# G60 W/M question



## garytightpants (Jun 14, 2010)

I posed this to the G60 forum, but i figured i might get a good response here too

So lately I've been doing a lot of research and reading up on various aspects of the G60 and forced induction engines in general, I stumbled on this thread http://forums.vwvortex.com/showthread.php?5429166-non-intercooled-g60-with-watermeth&highlight=g60 and it got me thinking about W/M. I feel like I have a pretty good of how/why it works. Being separated from car for a while now, I spend most of my time brainstorming and was thinking I would pose a question to you guys. 
If someone were to run a G60 without an intercooler and use W/M to cool the charge, in theory, using my engine as an example(Fueling is a BBM rising rate FPR, 30# injectors, BBM stage 4 chip, also has 268/260 cam, 65mm pulley and RSR outlet.), 
where would be the best placement of the nozzles, and what would be the proper size?
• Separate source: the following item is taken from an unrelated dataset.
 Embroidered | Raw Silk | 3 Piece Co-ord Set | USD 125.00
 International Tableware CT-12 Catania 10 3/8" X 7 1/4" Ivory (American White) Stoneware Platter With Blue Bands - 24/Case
I was thinking that there are mainly 3 different options for placement, 








(ignore my old,hacked together setup, the pic is just for demonstration purposes)

I personally think that #2 would be a good spot for the injector(s).

I was also thinking that something similar to this Throttle Body setup that USRT sells could possibly work(spot #1 obv.) 

I was also curious id pre-compression at #3 is even a viable option?

Or would something like this Direct Port kit from USRT be the best route given the circumstances/parameters?

I'm just looking for information and constructive input, so I don't really care if this thread turns into a general discussion of W/M setups on G60 (I'm actually kind of hoping it does), and if you've got em, post pics of W/M on G60's


----------